Beaudesert, Staffordshire, Marquis of Anglesey.
Published by J. Taylor, Feb 1. 1816.
Coloured aquatint with overlay, very rare. 230 x 320mm (9 x 11½). Trimmed into plate at sides.
Beaudesert, a stately home on the southern edge of Cannock Chase in Staffordshire, one of the family seats of the Paget family until the 1930s when financial difficulties forced a sale. Many of the furnishings, including oak panelling and the Waterloo Staircase, were exported to Carrick Hill in Adelaide, South Australia; when the buildings were demolished some of the bricks were used to re-face St James's Palace. Published in Humphry Repton's 'Fragments on the theory and practice of Landscape Gardening', the plate has a hinged overlay: when the slip is down the view is of farm buildings under a wooded hill, with a stream; lifting the slip reveals the mansion on the hill, a reservoir, cascades and terraced gardens.

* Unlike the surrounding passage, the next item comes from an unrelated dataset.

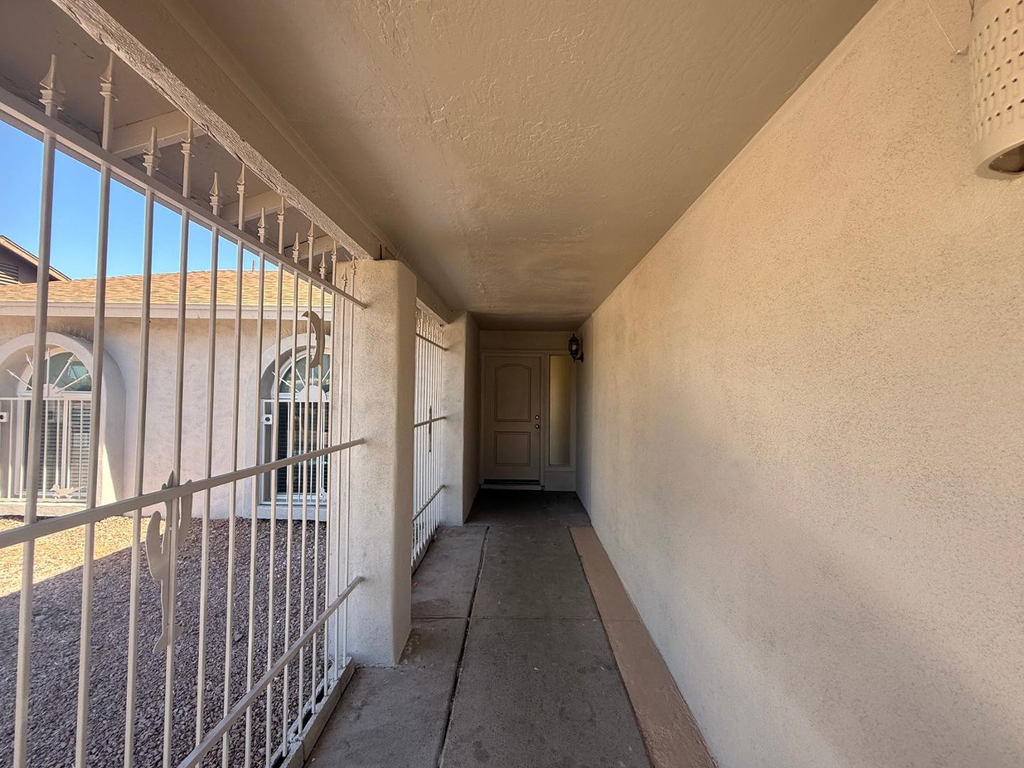 7137 W Colter Street - Photo 8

Repton (1752-1818) was the last great English landscape designer of the C18th, who coined the term 'landscape gardener'. Regarded as the successor to Capability Brown, he worked at Blaise Castle, Woburn Abbey, Stoneleigh Abbey & the central gardens in Russell Square, but lost out on the Prince Regent's Brighton Pavilion to John Nash (although he published his designs).
Abbey: Scenery 391. See 34862 for no overlay.